**WHAT NEEDS TO BE DONE:** Word-for-word repetition of the records below is needed, but only from the line holding "Building Photo - 10 White Birch Dr" through the final line, with pictures excluded.

[Collected data entries]

*-*-*

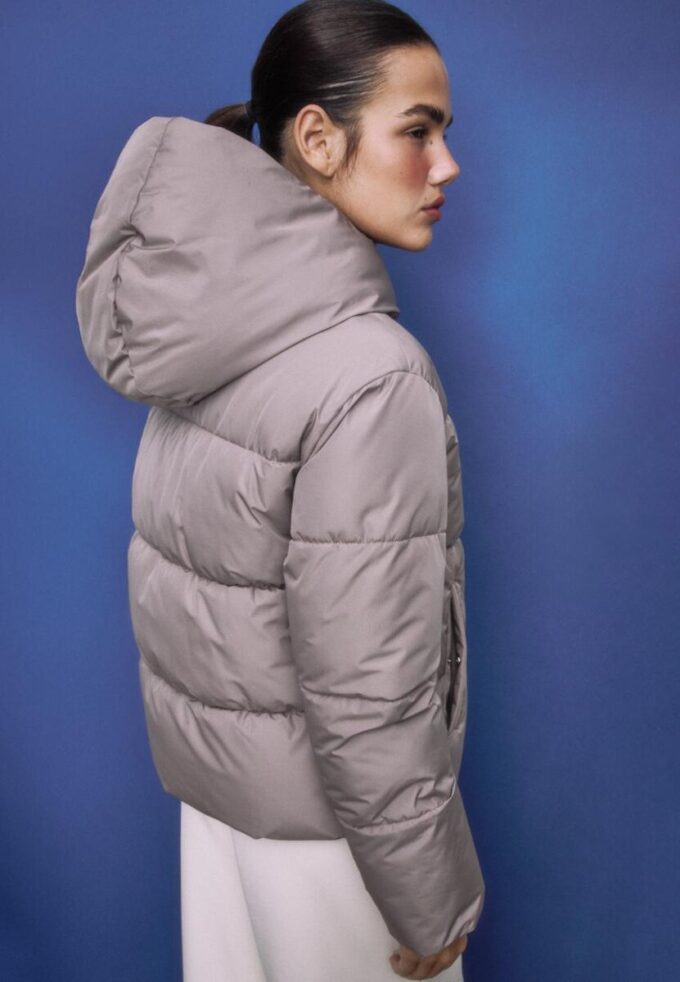 Basics pufferjack met capuchon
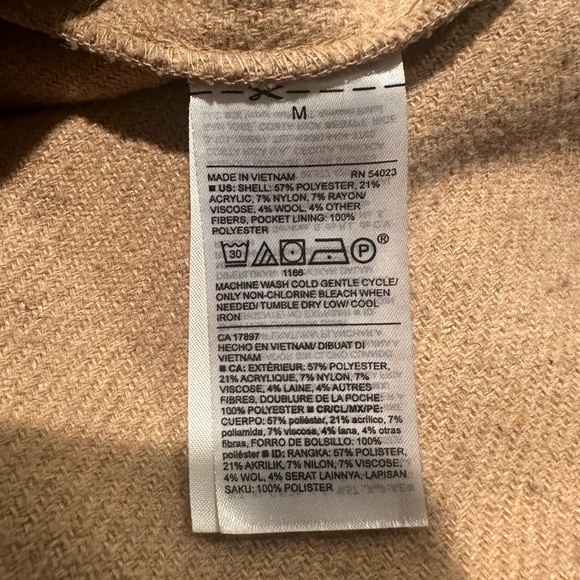 Old Navy Womens Shacket - Picture 4 of 4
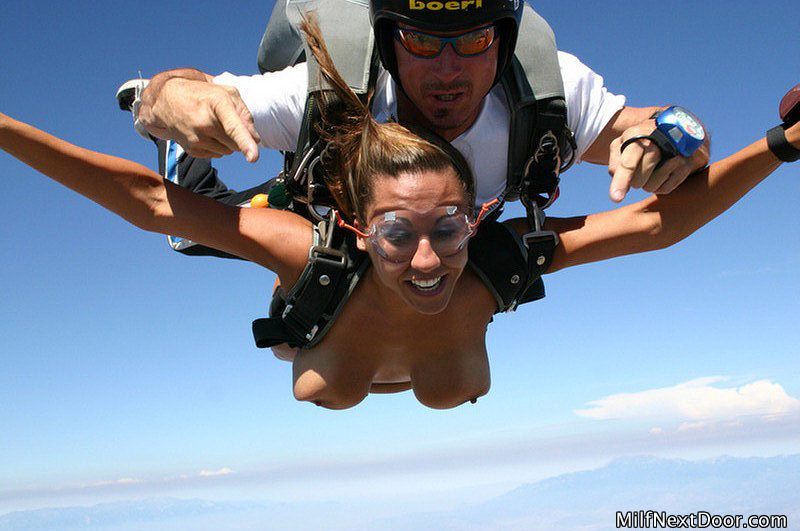 naked-skydiving-19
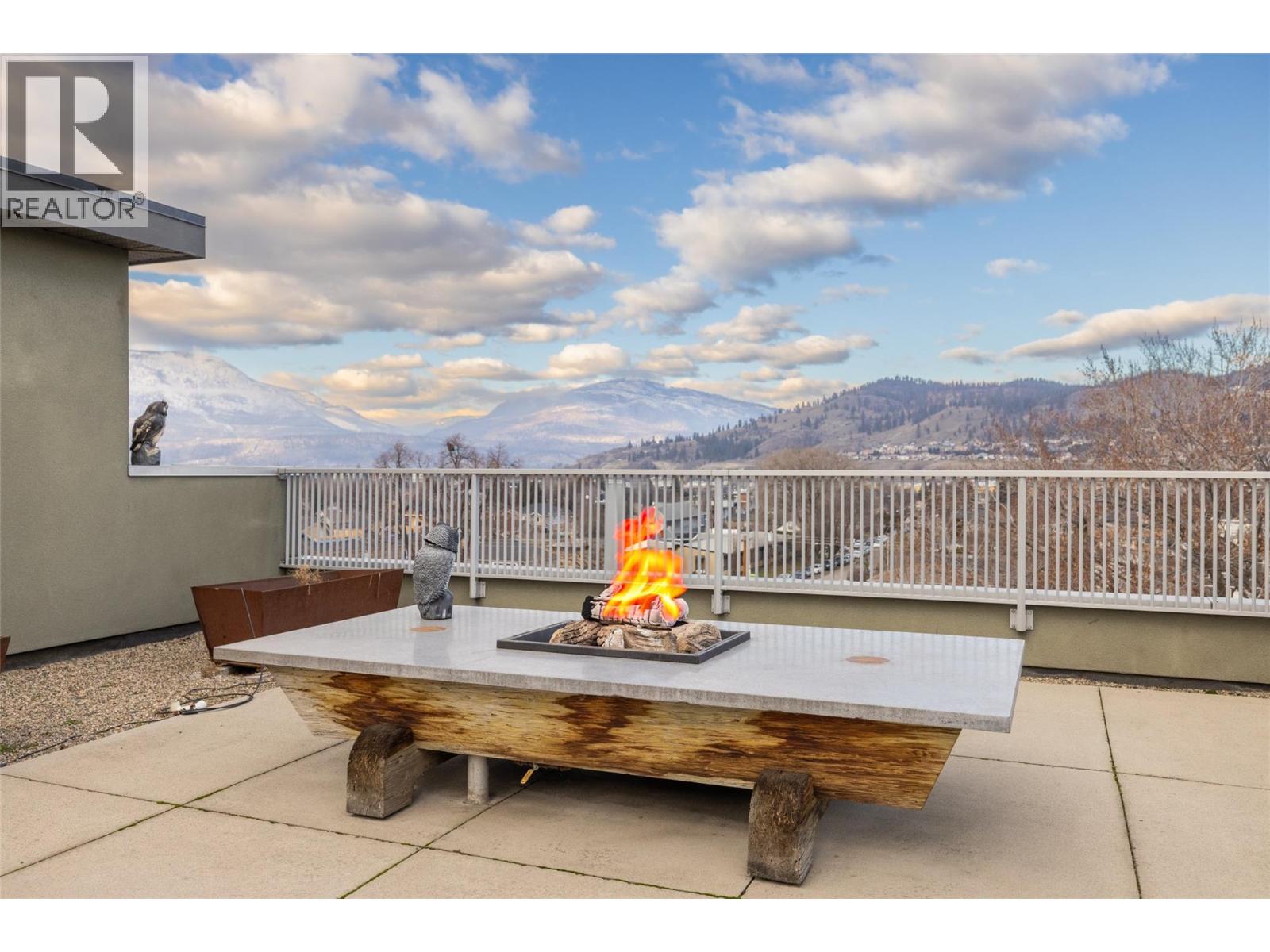 #406 1495 Graham Street - 48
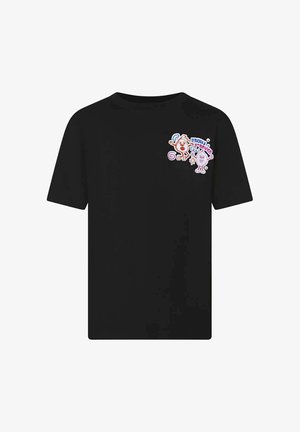 Chemise noire à manches courtes avec de petits personnages de fruits colorés style dessin animé et texte « Fruits Forever » sur la partie supérieure gauche de la poitrine.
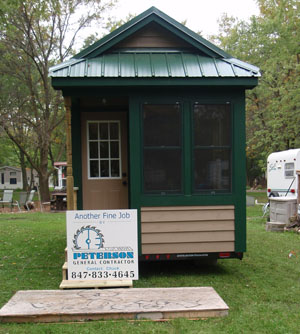 front-of-tiny-house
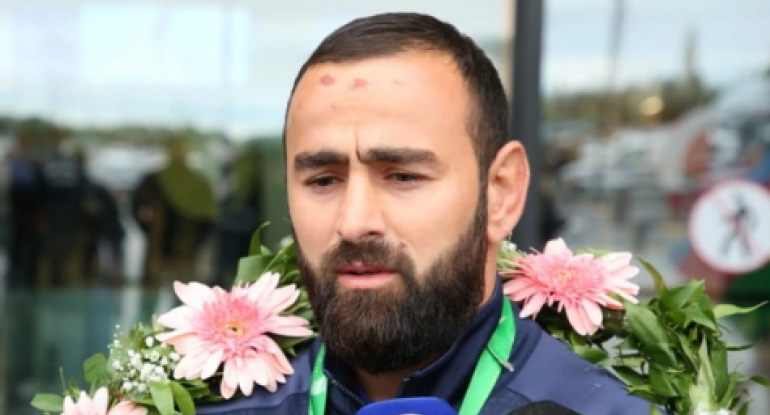 Dördqat dünya çempionu olan Azərbaycan güləşçisi karyerasını başa vurub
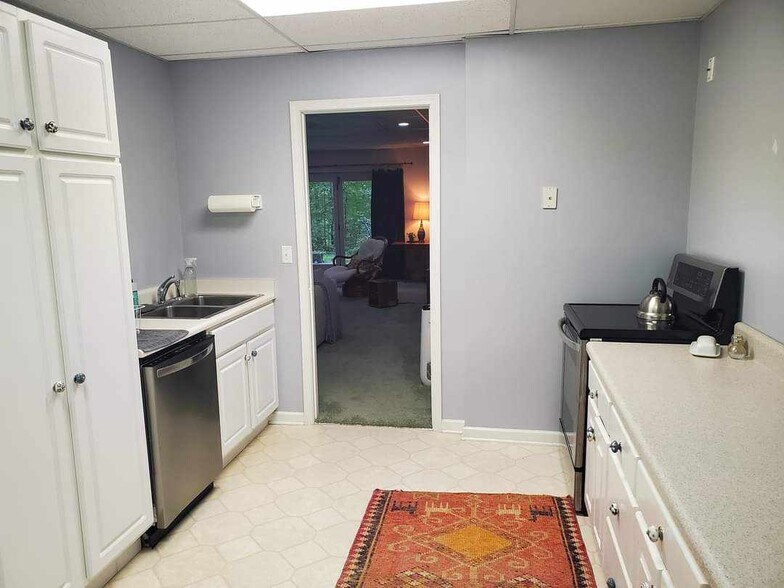 Building Photo - 10 White Birch Dr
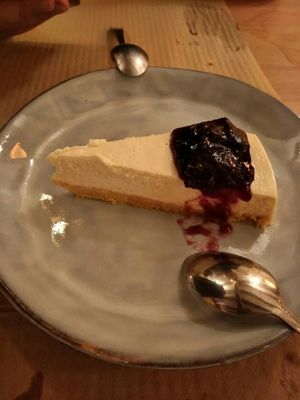 Tarta de queso y arándanos (no vegana) at Dorothy's Veggie Bistro in La Cueva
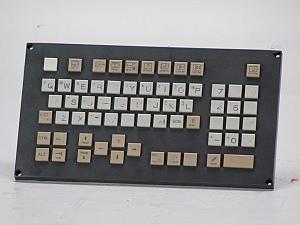 A02B-0303-C328 - MDI unit, PC type, qwerty
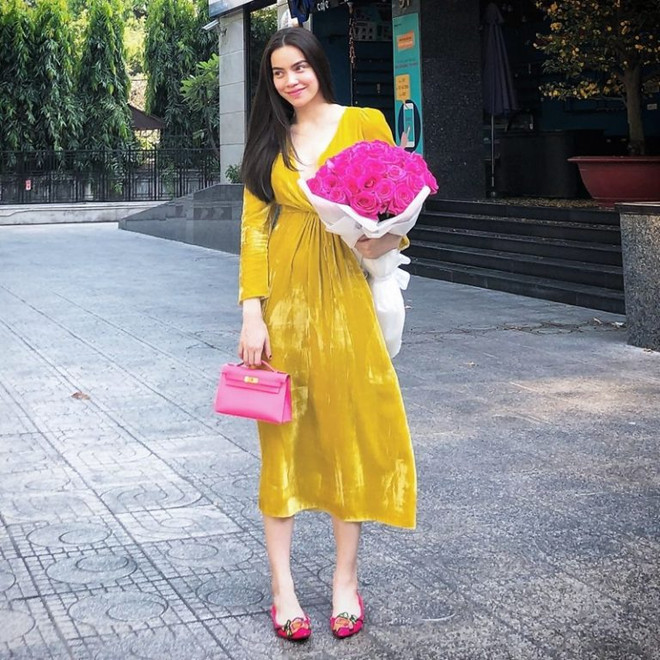 Đón đầu xu hướng, mỹ nhân Việt đua nhau sắm loạt đầm vàng rực rỡ ảnh 6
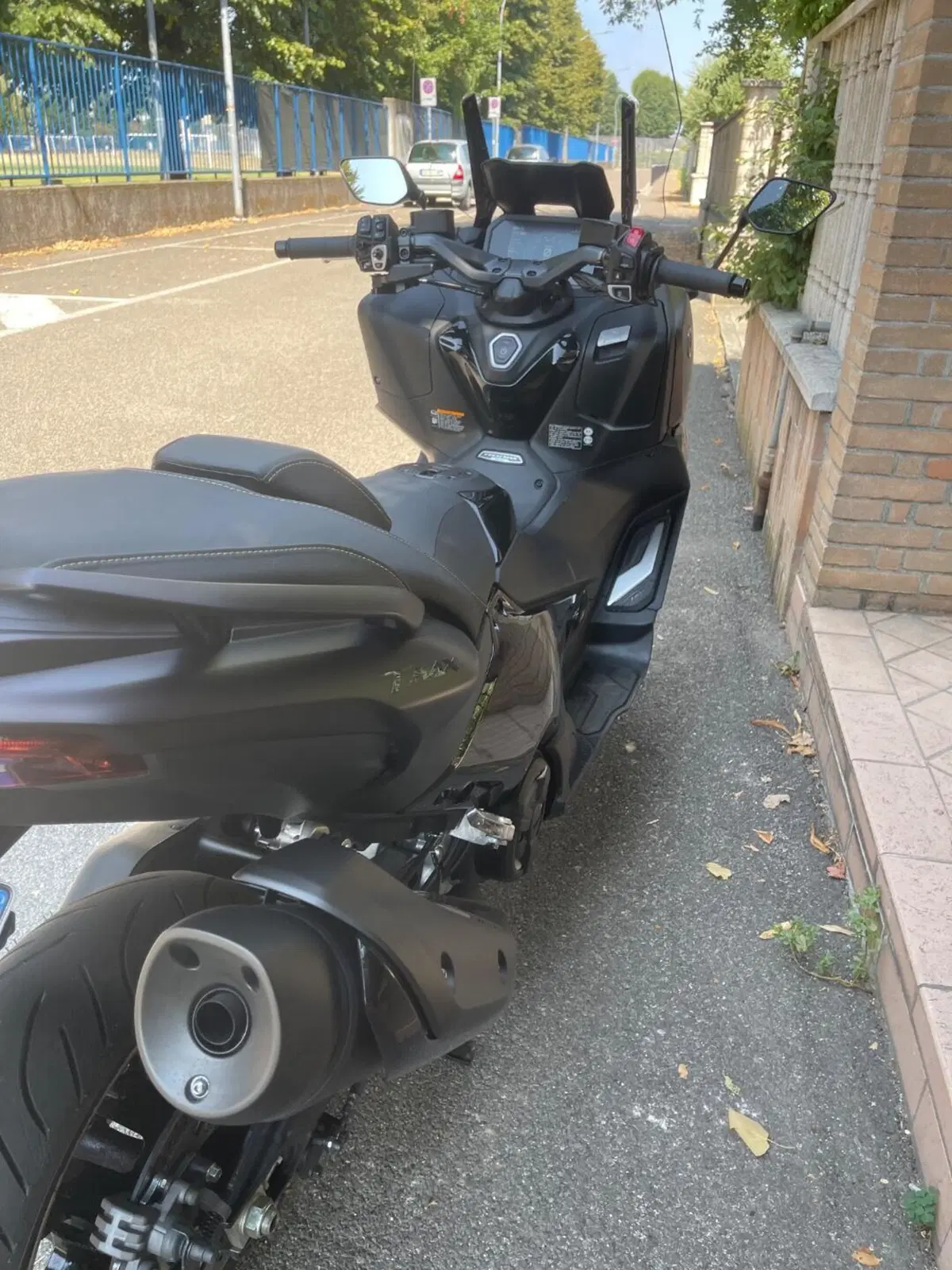 Yamaha T-Max 560 Tech Max (2025 - 26) (3)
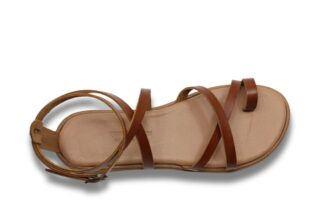 Sandale de couleur beige avec trois lanières de cuir couleur caramel et une bride de cheville, semelle en cuir, vue de dessus sur fond blanc.
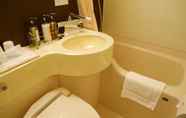 In-room Bathroom 6 Yokohama Heiwa Plaza Hotel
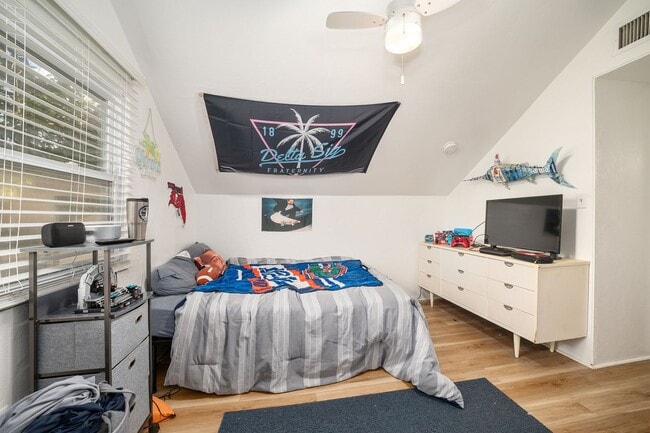 Building Photo - 1254 SW 9th Rd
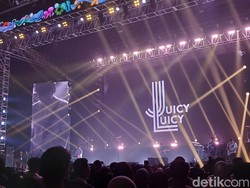 Juicy Luicy Hentak Penonton Pensi SKYAVENUE 2025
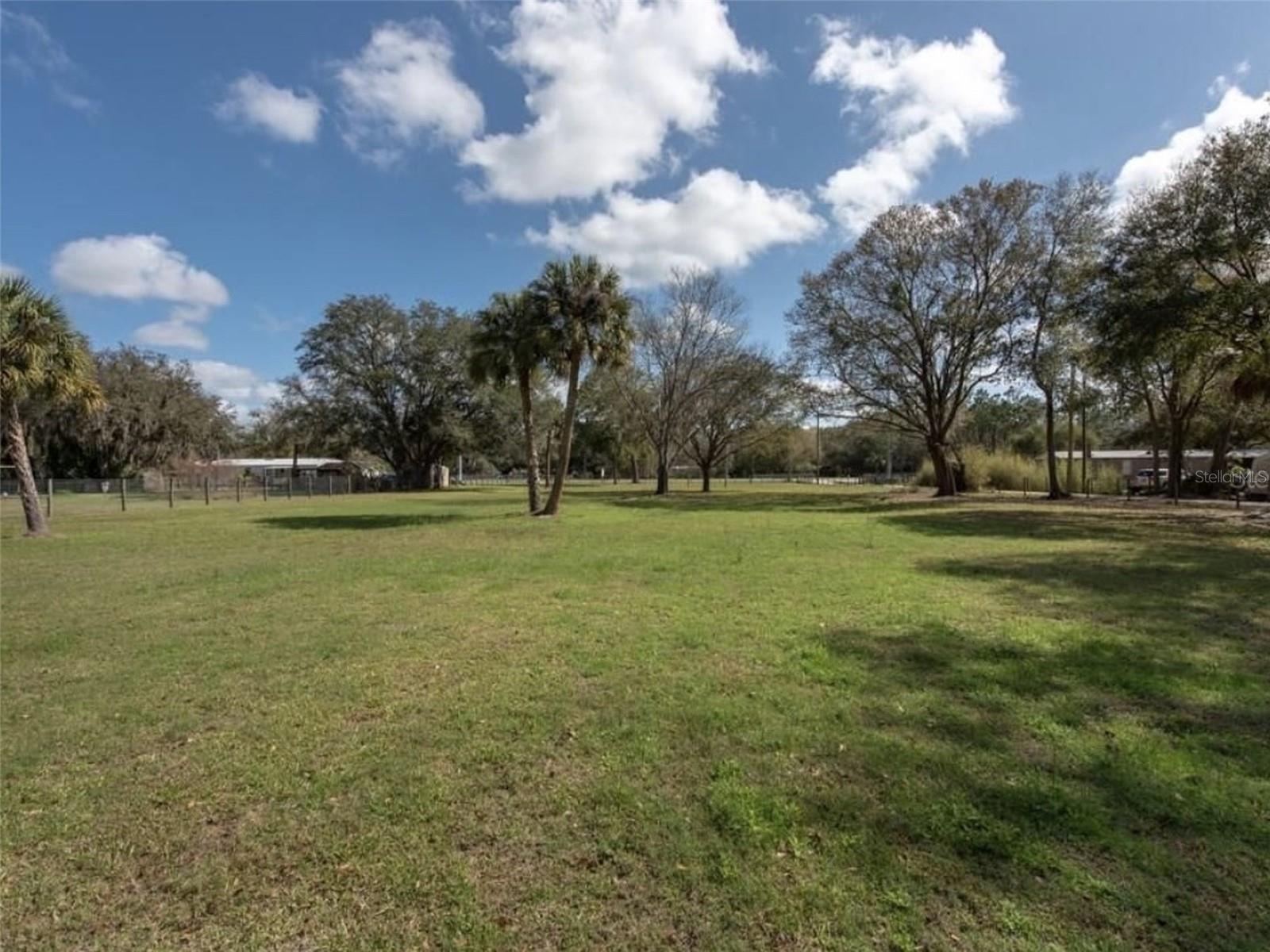 6513 S County Line Rd Property Photo 6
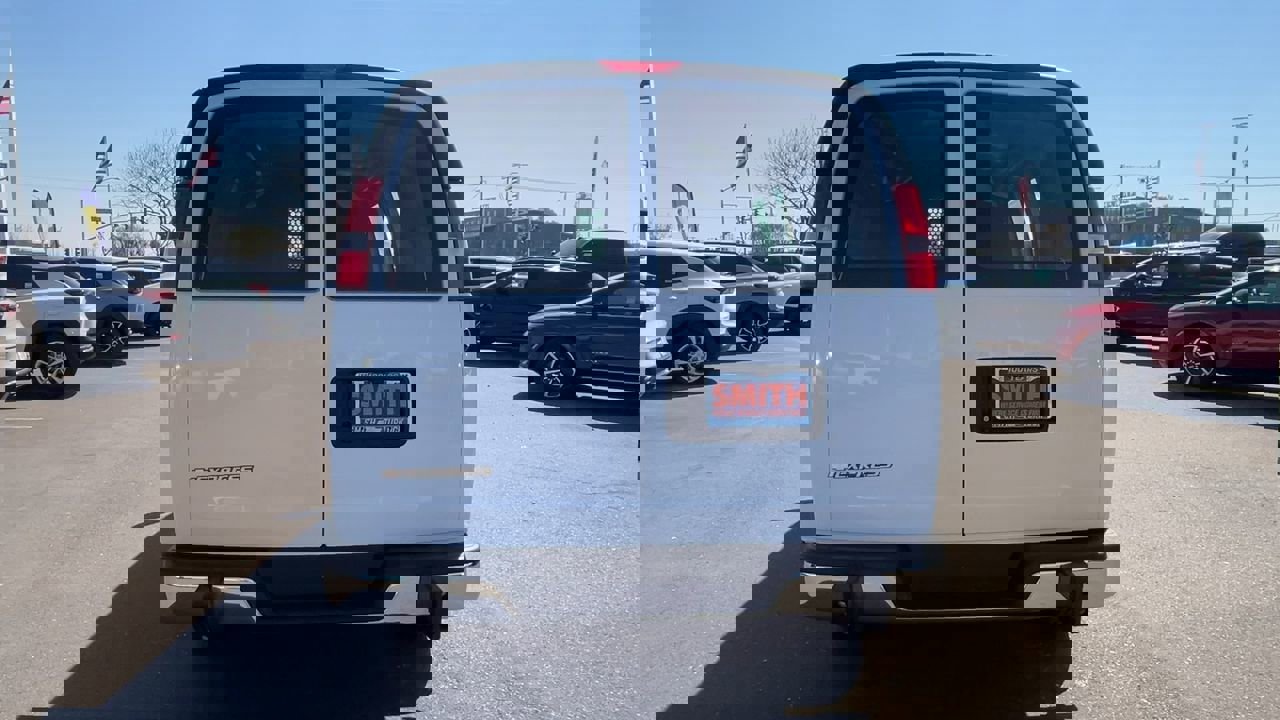 Used 2024 Chevrolet Express 2500 w/ Driver Convenience Package image 6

*-*-*

**OUTPUT OF THE EXERCISE:**
 Building Photo - 10 White Birch Dr
 Tarta de queso y arándanos (no vegana) at Dorothy's Veggie Bistro in La Cueva
 A02B-0303-C328 - MDI unit, PC type, qwerty
 Đón đầu xu hướng, mỹ nhân Việt đua nhau sắm loạt đầm vàng rực rỡ ảnh 6
 Yamaha T-Max 560 Tech Max (2025 - 26) (3)
 Sandale de couleur beige avec trois lanières de cuir couleur caramel et une bride de cheville, semelle en cuir, vue de dessus sur fond blanc.
 In-room Bathroom 6 Yokohama Heiwa Plaza Hotel
 Building Photo - 1254 SW 9th Rd
 Juicy Luicy Hentak Penonton Pensi SKYAVENUE 2025
 6513 S County Line Rd Property Photo 6
 Used 2024 Chevrolet Express 2500 w/ Driver Convenience Package image 6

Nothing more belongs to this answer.